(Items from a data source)
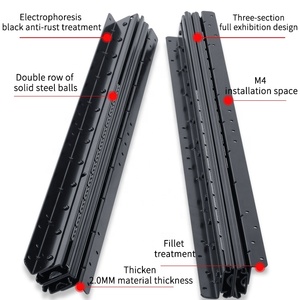 GUANZHIYU 1 paire de Rails métalliques cachés sous roulement à billes, Rails de guidage de piste, patins de glissement - Product Image 2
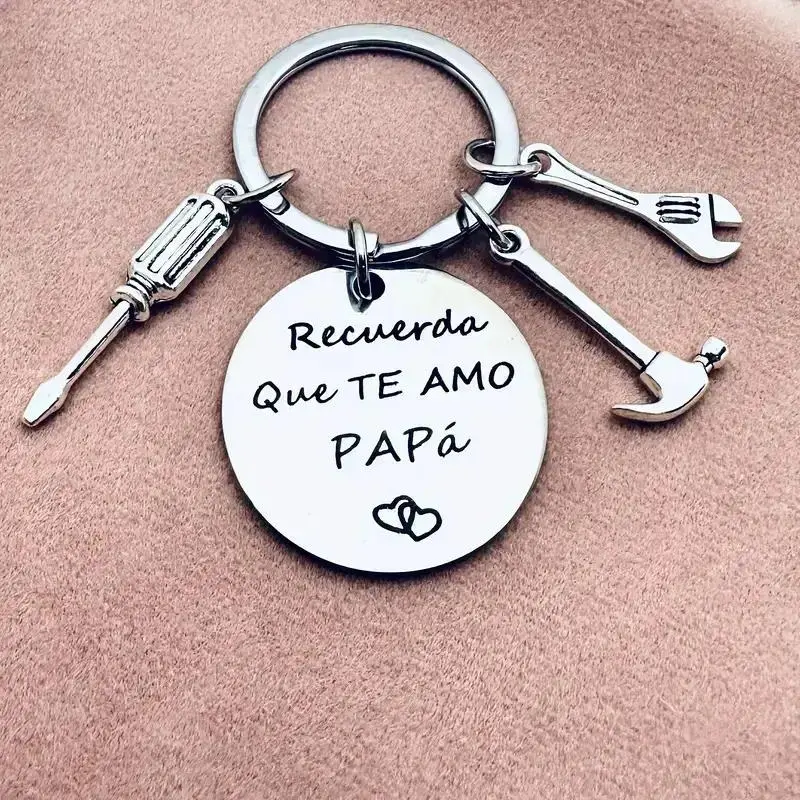 Multi-Tool Keychain Stainless Steel Laser-Engraved Spanish Quote Tarnish-Proof Father's Day Gift for Fixing Things DIY Enthusiasts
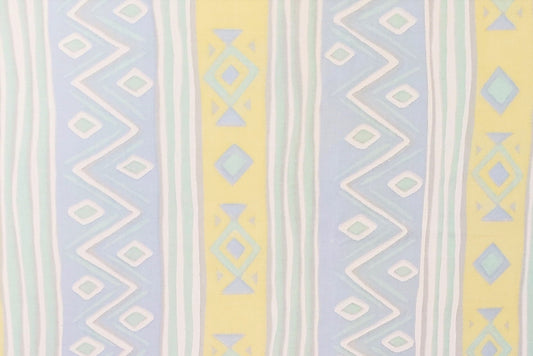 White Fabric - Pale Yellow, Blue and Mint Southwest Style Stripe Print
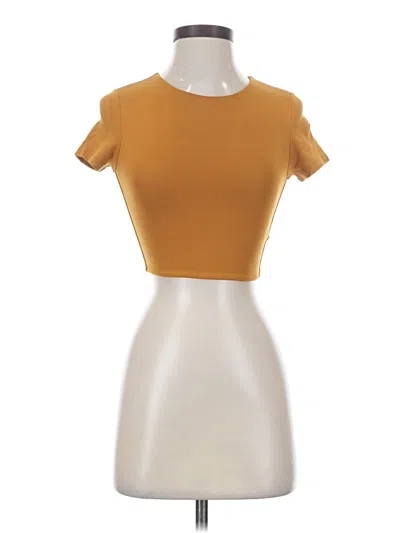 Pre-owned Babaton Short Sleeve Turtleneck In Gold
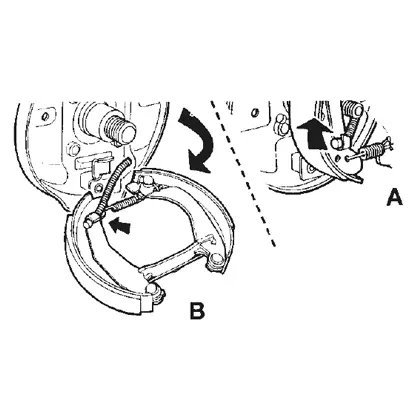 فك خطاف كابل فرامل اليد.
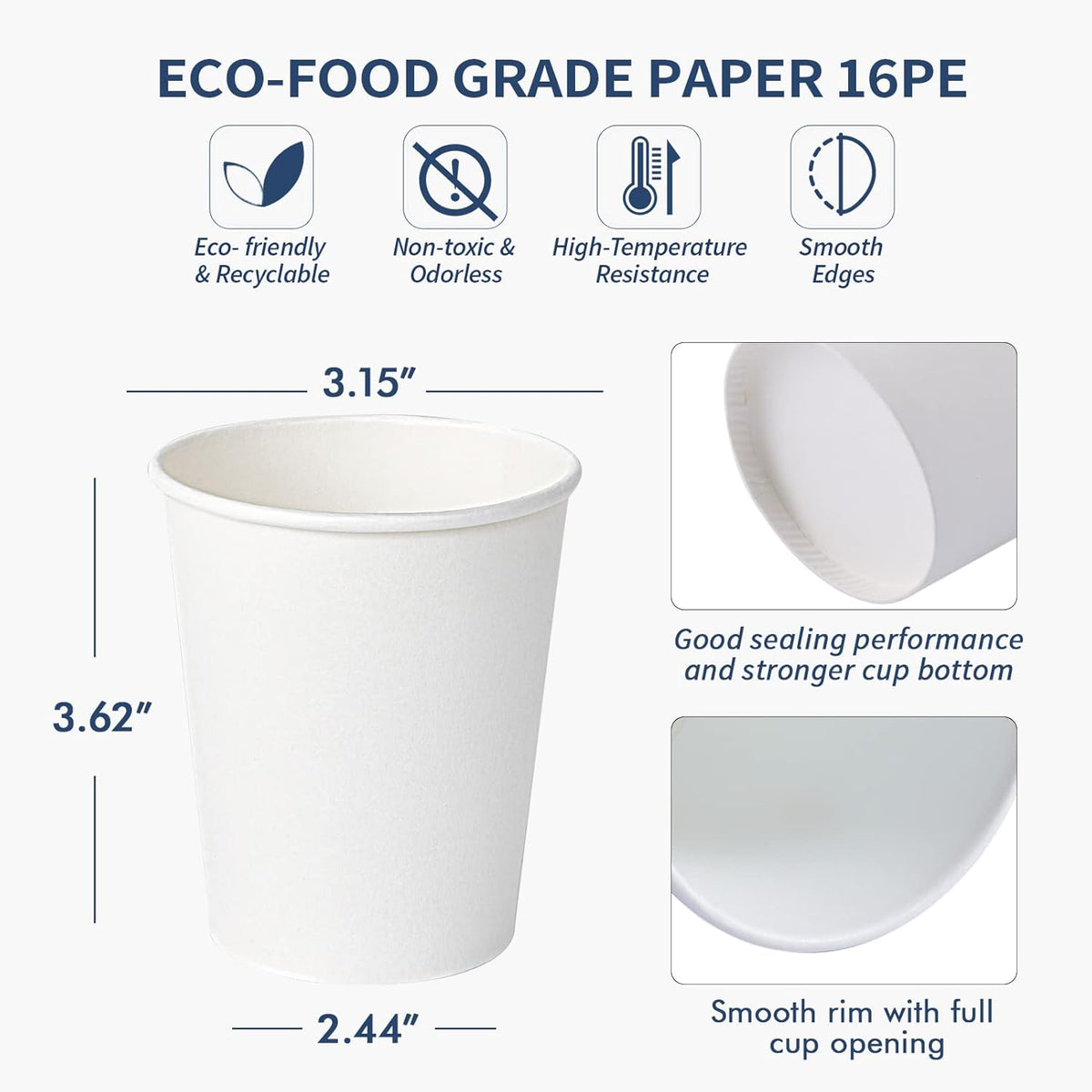 Turbo Bee 300Pack 8oz Paper Cups,Disposable Coffee Cup， White Paper Water Cups,Hot/Cold Beverage Drinking Cup for Party,Travel and Event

-- Task item --
Could you repeat the data exactly, omitting its pictures?

-- Exercise output --
 GUANZHIYU 1 paire de Rails métalliques cachés sous roulement à billes, Rails de guidage de piste, patins de glissement - Product Image 2
 Multi-Tool Keychain Stainless Steel Laser-Engraved Spanish Quote Tarnish-Proof Father's Day Gift for Fixing Things DIY Enthusiasts
 White Fabric - Pale Yellow, Blue and Mint Southwest Style Stripe Print
 Pre-owned Babaton Short Sleeve Turtleneck In Gold
 فك خطاف كابل فرامل اليد.
 Turbo Bee 300Pack 8oz Paper Cups,Disposable Coffee Cup， White Paper Water Cups,Hot/Cold Beverage Drinking Cup for Party,Travel and Event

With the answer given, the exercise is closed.